WHAT THE EXERCISE ASKS – Pictures in the data should be dropped; transcribe exactly the lines from the one that has "SUZUKI SKYWAVE 250" through the one that has "andrzej duda".

*** Opening STORED DATA ***

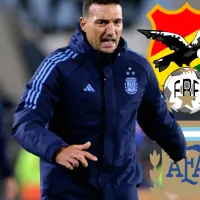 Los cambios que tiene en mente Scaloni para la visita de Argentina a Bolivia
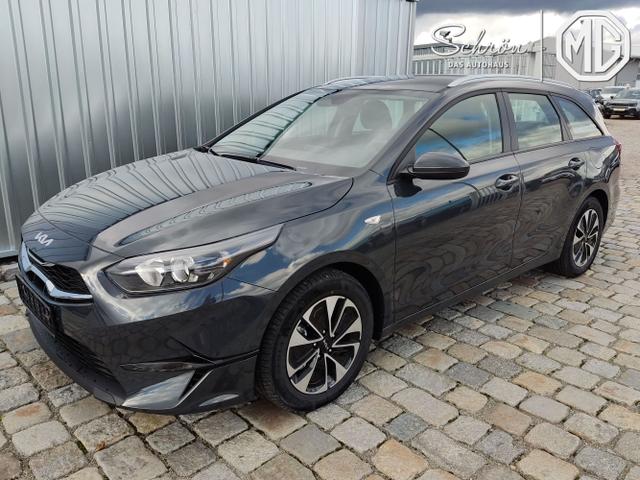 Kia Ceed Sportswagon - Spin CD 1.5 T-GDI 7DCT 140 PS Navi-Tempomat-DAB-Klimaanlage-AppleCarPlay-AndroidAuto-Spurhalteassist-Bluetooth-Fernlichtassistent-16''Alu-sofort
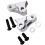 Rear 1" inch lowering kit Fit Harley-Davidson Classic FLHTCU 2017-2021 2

*** Closing STORED DATA ***
*** Opening STORED DATA ***

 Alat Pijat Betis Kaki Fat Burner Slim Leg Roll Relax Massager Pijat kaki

*** Closing STORED DATA ***
*** Opening STORED DATA ***

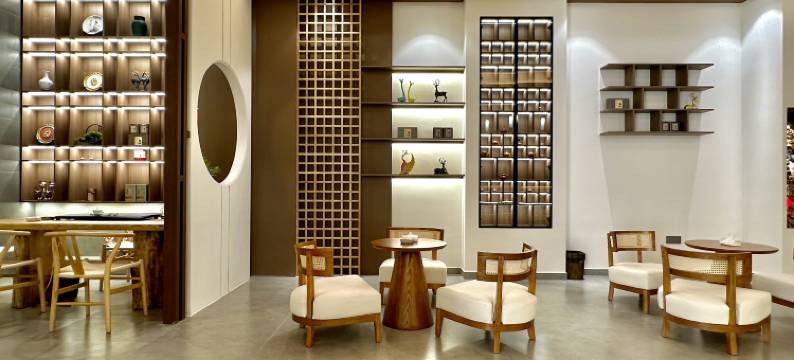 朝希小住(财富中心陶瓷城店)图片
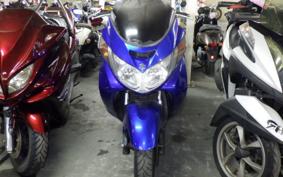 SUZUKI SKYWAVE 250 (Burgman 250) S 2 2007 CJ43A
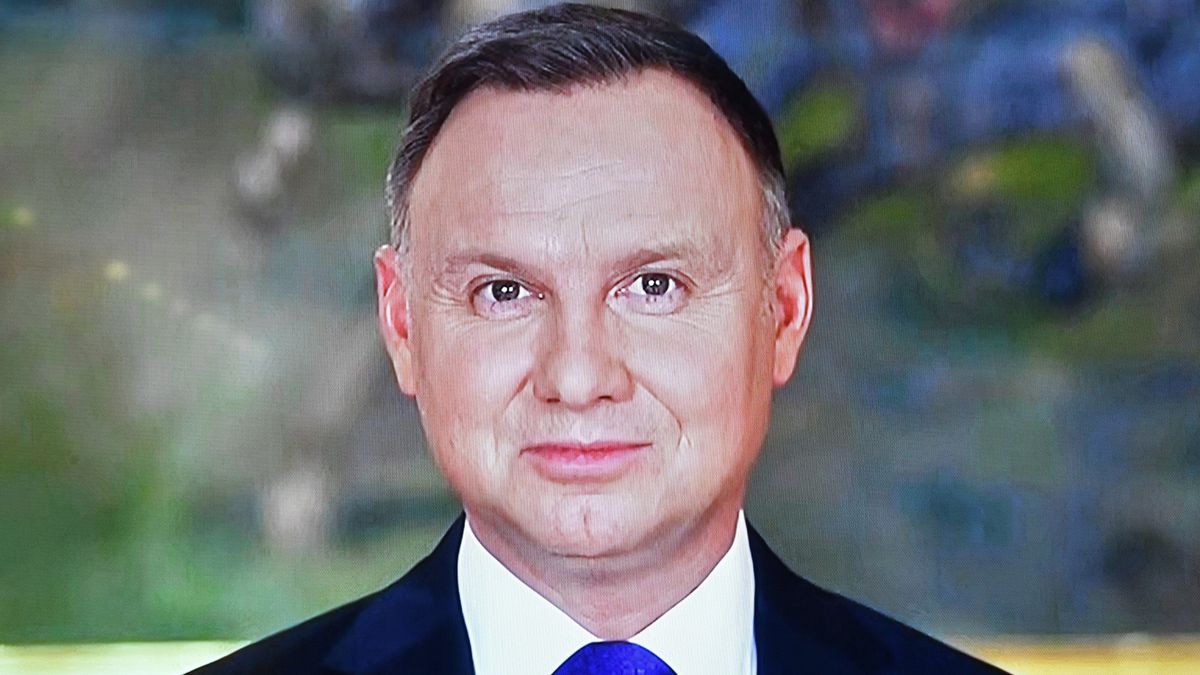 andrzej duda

*** Closing STORED DATA ***

TASK ANSWER –
 SUZUKI SKYWAVE 250 (Burgman 250) S 2 2007 CJ43A
 andrzej duda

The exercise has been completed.